Reproduce the data below word for word, setting aside any picture it holds.

[Opening INPUT DATA section]

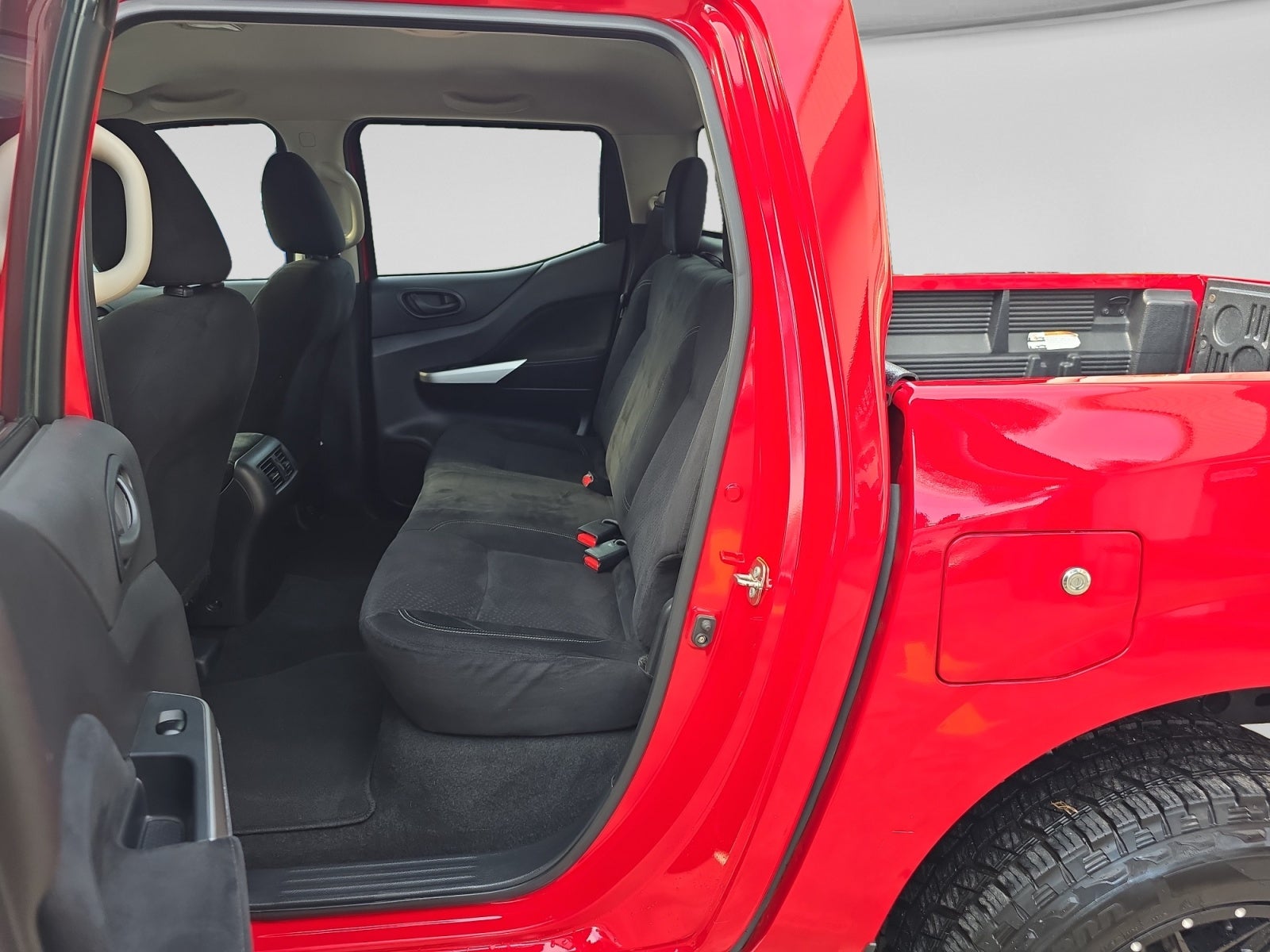 2019 Nissan PICKUP DOBLE CABINA SE TM AC PAQ SEG 6VEL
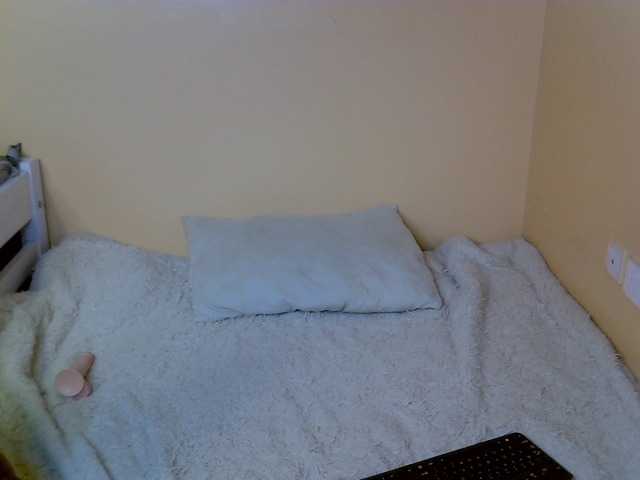PetitePeachyy live cam on BongaCams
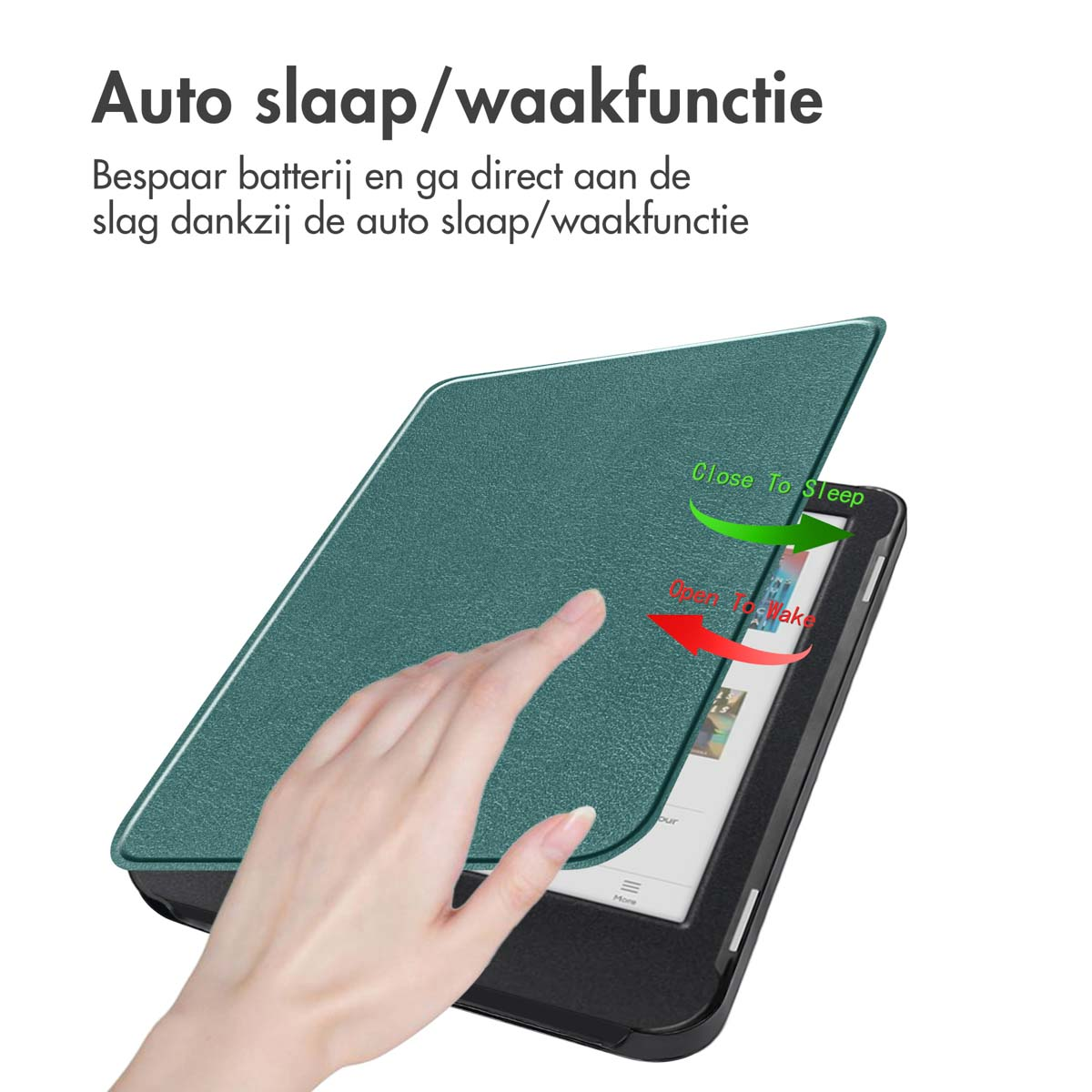 Une main ouvre une tablette avec une couverture verte. L'écran affiche du texte.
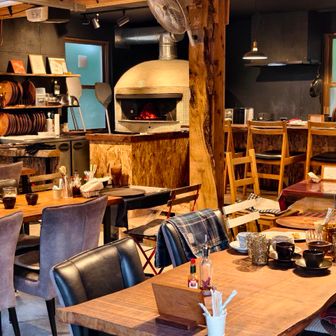 落ち着いた雰囲気　石窯のある風景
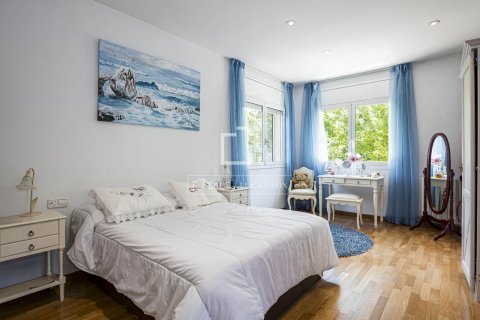 Villa de 5 dormitorios en venta en Sant Cugat del Vallès, Barcelona, Cataluña, Spain № 7260 - foto 9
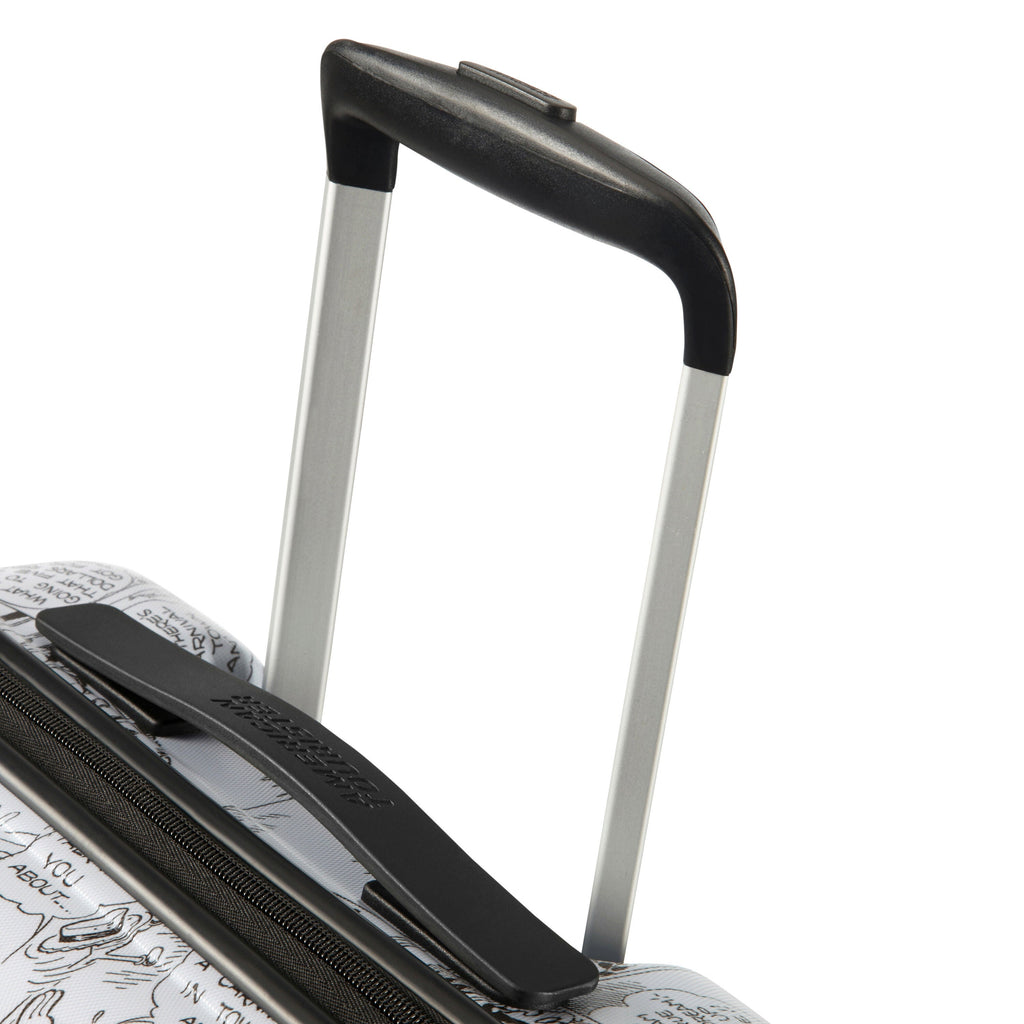 American Tourister Disney Wavebreaker Spinner Carry-On™ in the color Minnie Comics White.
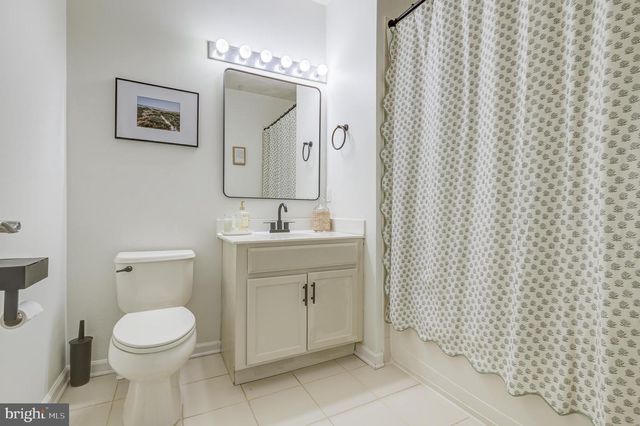 1332 SIERRA DR, Hamilton, NJ 08619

[Closing INPUT DATA section]

» **EXERCISE SOLUTION**:
 2019 Nissan PICKUP DOBLE CABINA SE TM AC PAQ SEG 6VEL
PetitePeachyy live cam on BongaCams
 Une main ouvre une tablette avec une couverture verte. L'écran affiche du texte.
 落ち着いた雰囲気　石窯のある風景
 Villa de 5 dormitorios en venta en Sant Cugat del Vallès, Barcelona, Cataluña, Spain № 7260 - foto 9
 American Tourister Disney Wavebreaker Spinner Carry-On™ in the color Minnie Comics White.
 1332 SIERRA DR, Hamilton, NJ 08619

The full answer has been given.